DATA RECORDS ::
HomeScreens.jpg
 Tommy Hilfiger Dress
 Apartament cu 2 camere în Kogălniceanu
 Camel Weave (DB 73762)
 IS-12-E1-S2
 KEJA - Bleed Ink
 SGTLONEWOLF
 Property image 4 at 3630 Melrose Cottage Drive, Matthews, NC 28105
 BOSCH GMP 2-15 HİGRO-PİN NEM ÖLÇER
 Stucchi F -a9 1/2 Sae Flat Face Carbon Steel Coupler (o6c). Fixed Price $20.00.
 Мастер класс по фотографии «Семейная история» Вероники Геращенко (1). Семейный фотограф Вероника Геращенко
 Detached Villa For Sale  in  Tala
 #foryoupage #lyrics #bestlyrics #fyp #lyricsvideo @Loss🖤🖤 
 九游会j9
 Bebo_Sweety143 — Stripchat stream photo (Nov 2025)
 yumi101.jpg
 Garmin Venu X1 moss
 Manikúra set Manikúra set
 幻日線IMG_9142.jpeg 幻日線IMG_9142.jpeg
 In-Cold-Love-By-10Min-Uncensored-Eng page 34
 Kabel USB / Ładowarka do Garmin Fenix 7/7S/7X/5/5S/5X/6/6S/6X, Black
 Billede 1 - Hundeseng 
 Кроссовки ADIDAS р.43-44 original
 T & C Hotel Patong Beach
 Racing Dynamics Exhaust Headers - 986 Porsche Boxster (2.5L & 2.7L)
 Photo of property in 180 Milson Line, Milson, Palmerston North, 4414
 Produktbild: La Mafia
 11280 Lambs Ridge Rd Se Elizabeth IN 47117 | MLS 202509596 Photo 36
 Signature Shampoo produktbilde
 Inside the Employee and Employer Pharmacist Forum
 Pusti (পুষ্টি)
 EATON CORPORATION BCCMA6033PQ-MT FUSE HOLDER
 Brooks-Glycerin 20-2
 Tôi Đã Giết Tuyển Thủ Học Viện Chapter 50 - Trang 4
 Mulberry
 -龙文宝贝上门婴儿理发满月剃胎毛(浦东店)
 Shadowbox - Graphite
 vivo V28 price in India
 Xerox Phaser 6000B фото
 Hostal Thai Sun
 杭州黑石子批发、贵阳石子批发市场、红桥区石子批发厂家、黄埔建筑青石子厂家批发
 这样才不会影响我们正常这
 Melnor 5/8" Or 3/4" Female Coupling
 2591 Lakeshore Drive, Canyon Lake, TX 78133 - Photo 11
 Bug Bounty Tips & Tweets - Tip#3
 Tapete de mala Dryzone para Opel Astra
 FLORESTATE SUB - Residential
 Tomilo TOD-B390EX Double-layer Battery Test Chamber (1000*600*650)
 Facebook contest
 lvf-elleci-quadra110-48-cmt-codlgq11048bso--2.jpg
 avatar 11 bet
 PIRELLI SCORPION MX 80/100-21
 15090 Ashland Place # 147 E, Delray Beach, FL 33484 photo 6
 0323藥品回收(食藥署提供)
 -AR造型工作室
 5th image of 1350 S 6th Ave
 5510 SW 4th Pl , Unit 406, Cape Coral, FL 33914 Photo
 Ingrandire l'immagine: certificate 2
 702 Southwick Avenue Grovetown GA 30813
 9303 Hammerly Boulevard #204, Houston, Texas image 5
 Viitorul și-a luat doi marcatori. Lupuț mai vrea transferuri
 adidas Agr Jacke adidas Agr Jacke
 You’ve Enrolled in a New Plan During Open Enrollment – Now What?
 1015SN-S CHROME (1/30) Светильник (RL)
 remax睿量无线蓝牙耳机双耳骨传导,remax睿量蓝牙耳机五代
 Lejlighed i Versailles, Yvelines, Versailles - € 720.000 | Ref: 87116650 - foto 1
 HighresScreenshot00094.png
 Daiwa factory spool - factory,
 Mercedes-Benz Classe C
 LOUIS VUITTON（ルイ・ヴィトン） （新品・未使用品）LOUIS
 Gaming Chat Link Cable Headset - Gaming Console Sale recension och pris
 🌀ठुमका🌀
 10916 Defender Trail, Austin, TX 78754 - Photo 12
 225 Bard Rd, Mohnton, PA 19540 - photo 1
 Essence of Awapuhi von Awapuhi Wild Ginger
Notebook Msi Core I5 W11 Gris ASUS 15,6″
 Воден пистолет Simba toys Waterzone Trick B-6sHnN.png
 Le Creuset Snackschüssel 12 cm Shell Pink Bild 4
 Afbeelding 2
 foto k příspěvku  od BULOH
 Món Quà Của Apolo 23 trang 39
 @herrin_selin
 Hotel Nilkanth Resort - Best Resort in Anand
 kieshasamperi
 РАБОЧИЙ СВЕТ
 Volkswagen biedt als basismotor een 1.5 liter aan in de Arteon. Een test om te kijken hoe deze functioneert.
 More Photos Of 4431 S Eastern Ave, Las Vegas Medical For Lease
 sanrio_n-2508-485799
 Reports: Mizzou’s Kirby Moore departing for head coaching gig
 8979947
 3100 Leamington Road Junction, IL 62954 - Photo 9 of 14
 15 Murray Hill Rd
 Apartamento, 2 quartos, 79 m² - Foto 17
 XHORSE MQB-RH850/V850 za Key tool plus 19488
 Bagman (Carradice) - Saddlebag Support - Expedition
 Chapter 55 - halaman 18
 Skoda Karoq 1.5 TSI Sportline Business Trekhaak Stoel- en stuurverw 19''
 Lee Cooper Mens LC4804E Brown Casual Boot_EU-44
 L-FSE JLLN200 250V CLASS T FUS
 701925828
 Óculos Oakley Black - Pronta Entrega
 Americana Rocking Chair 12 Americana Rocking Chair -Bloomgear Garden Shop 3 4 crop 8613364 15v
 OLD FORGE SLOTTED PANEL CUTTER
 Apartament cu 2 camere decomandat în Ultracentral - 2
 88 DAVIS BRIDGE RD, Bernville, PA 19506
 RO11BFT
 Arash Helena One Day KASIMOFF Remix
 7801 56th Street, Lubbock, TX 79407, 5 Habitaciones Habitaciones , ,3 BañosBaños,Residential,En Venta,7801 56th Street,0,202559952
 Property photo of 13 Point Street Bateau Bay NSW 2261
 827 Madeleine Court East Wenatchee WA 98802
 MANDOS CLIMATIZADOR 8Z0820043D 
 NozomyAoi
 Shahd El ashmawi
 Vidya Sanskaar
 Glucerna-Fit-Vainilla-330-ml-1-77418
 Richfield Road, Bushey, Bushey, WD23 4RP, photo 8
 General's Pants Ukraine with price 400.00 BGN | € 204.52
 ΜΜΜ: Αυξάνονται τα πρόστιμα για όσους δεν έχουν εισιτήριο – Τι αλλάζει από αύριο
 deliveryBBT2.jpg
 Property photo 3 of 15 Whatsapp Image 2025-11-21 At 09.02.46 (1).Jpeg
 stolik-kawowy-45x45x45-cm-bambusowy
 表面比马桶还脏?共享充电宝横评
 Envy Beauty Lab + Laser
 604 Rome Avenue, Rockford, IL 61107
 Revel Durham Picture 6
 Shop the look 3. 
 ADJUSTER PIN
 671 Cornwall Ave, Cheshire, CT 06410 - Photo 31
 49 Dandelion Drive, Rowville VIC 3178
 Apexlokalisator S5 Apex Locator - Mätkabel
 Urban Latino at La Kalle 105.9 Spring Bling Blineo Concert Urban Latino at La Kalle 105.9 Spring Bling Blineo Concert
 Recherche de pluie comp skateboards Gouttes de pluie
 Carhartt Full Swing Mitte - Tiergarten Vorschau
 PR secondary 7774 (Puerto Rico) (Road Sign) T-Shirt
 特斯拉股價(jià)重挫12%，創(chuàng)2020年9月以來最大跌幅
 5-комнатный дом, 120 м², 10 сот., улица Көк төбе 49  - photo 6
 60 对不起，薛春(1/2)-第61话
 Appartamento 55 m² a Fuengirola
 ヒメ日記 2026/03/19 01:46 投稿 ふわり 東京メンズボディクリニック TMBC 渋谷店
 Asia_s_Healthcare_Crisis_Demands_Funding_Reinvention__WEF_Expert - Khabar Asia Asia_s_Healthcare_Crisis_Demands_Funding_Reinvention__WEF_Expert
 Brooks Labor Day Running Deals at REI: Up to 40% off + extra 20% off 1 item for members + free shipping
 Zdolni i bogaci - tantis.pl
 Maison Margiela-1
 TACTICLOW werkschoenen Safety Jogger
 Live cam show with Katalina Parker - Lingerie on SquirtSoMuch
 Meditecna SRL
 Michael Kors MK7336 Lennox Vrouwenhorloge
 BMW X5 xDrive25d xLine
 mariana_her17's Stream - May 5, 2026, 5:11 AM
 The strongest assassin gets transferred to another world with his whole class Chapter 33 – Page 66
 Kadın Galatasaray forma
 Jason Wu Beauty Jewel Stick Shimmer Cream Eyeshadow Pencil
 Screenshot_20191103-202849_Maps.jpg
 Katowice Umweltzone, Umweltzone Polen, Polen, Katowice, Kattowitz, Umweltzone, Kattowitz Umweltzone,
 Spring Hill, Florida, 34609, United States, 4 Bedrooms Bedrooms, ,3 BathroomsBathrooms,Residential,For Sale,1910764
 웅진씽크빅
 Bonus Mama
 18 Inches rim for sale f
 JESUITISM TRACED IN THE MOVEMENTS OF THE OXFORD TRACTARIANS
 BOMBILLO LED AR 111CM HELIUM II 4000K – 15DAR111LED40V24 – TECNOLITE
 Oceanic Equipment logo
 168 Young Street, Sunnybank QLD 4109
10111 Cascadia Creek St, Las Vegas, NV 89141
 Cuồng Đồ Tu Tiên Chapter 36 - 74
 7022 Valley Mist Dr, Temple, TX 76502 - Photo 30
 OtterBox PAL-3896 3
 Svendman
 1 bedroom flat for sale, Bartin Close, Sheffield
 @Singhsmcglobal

WHAT YOU HAVE TO DO ::
Copy the stretch of the records above that runs from the line with "Notebook Msi Core I5 W11 Gris ASUS 15,6″" through the line with "Property photo of". Both end lines belong in the copy, and nothing else does.

RESPONSE AREA ::
Notebook Msi Core I5 W11 Gris ASUS 15,6″
 Воден пистолет Simba toys Waterzone Trick B-6sHnN.png
 Le Creuset Snackschüssel 12 cm Shell Pink Bild 4
 Afbeelding 2
 foto k příspěvku  od BULOH
 Món Quà Của Apolo 23 trang 39
 @herrin_selin
 Hotel Nilkanth Resort - Best Resort in Anand
 kieshasamperi
 РАБОЧИЙ СВЕТ
 Volkswagen biedt als basismotor een 1.5 liter aan in de Arteon. Een test om te kijken hoe deze functioneert.
 More Photos Of 4431 S Eastern Ave, Las Vegas Medical For Lease
 sanrio_n-2508-485799
 Reports: Mizzou’s Kirby Moore departing for head coaching gig
 8979947
 3100 Leamington Road Junction, IL 62954 - Photo 9 of 14
 15 Murray Hill Rd
 Apartamento, 2 quartos, 79 m² - Foto 17
 XHORSE MQB-RH850/V850 za Key tool plus 19488
 Bagman (Carradice) - Saddlebag Support - Expedition
 Chapter 55 - halaman 18
 Skoda Karoq 1.5 TSI Sportline Business Trekhaak Stoel- en stuurverw 19''
 Lee Cooper Mens LC4804E Brown Casual Boot_EU-44
 L-FSE JLLN200 250V CLASS T FUS
 701925828
 Óculos Oakley Black - Pronta Entrega
 Americana Rocking Chair 12 Americana Rocking Chair -Bloomgear Garden Shop 3 4 crop 8613364 15v
 OLD FORGE SLOTTED PANEL CUTTER
 Apartament cu 2 camere decomandat în Ultracentral - 2
 88 DAVIS BRIDGE RD, Bernville, PA 19506
 RO11BFT
 Arash Helena One Day KASIMOFF Remix
 7801 56th Street, Lubbock, TX 79407, 5 Habitaciones Habitaciones , ,3 BañosBaños,Residential,En Venta,7801 56th Street,0,202559952
 Property photo of 13 Point Street Bateau Bay NSW 2261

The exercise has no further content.